Feuilleton
"Wenn zwei das Gleiche tun, ist das noch lange nicht dasselbe". Diese Redensart ist in der Praxis schon oft belegt worden. So auch vor Wochenfrist, als ausgesuchte europäische Zeitungen einen Aufruf zur uneingeschränkten Unterstützung der US-amerikanischen Haltung in der Irak-Frage veröffentlichten - unterschrieben von sieben europäischen Regierungschefs und vom seinerzeit noch amtierenden tschechischen Präsidenten Václav Havel.

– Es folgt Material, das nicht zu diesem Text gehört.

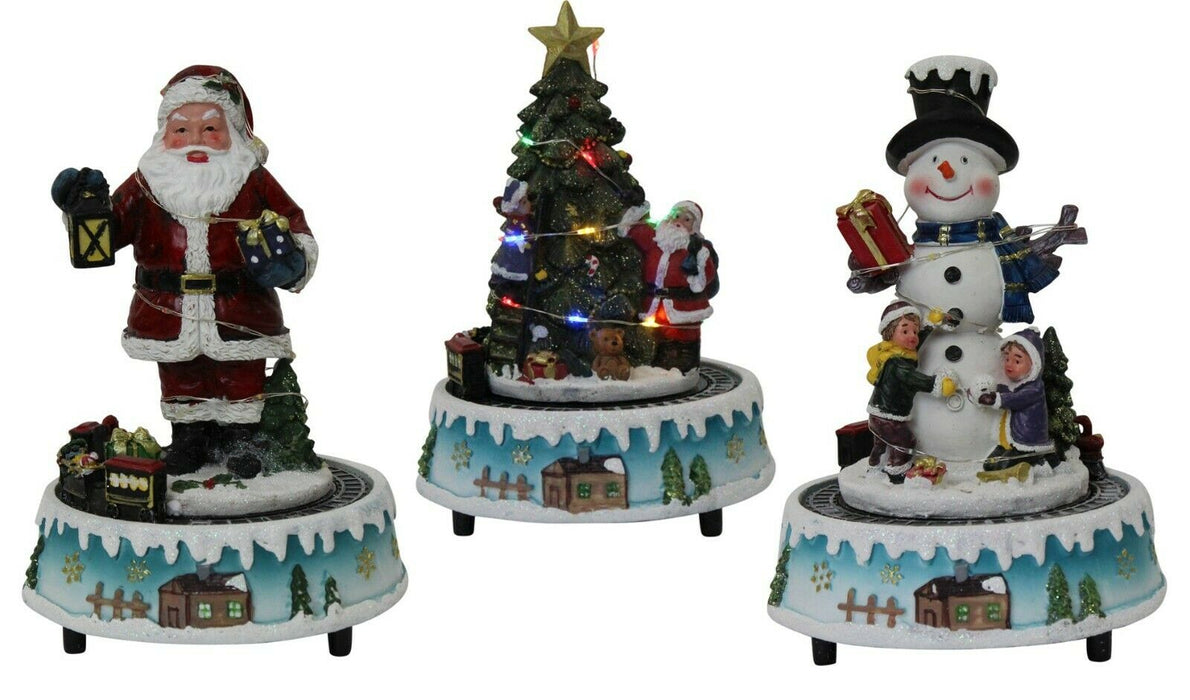 Musical Christmas Ornament - Lightup Rotating Festive Santa Snowman Tree Décor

Scheinbar "dasselbe" wollen auch die Prager Straßenbahnfahrer, nämlich mehr Lohn. Zumal man ihre Arbeit - so die Vertreter der Tram-Gewerkschaft "Föderation der Straßenbahnfahrer" (FRT) - im Vergleich zu den Kollegen von Bus und Metro nicht "mit zweierlei Maß" messen dürfe. Eine Studie sollte daher offen legen, dass auch die Straßenbahner eine ebenso anspruchs- und verantwortungsvolle Tätigkeit verrichten wie ihre Bus fahrenden Kollegen, was die bestehende Lohndifferenz von durchschnittlich 60 Euro im Monat nicht rechtfertigen würde. FRT-Gewerkschaftsboss Antonín Dub und seine Gleichgesinnten ließen jedoch außer Acht, dass sie dazu weder ein Lenkrad einschlagen noch bei eisglatter Fahrbahn die Spur halten müssen. Im Gegenteil, die Spur, die sie selbst einschlugen, hat sie geradewegs aufs Abstellgleis geführt. Zwei Drittel der Straßenbahner wählten nämlich einen anderen Weg als den Streik, der auf dem Rücken der Prager ausgetragen werden sollte. Warum auch nicht, übersteigt das Arbeitgeberangebot von sechseinhalb Prozent mehr Lohn die derzeitige Inflation doch gleich um einen Dezimalbruch mit einer dicken Zwei vorm Komma. Doch merke: Wer den Hals nicht voll genug kriegt, der verschluckt sich zumeist dabei. Oder aber: Wenn man wirklich das Gleiche will, dann sollte man zunächst einmal auch dasselbe dafür tun. Egal, ob auf dem weiten Feld der Weltpolitik oder auf dem abgesteckten Weg des Schienenstrangs.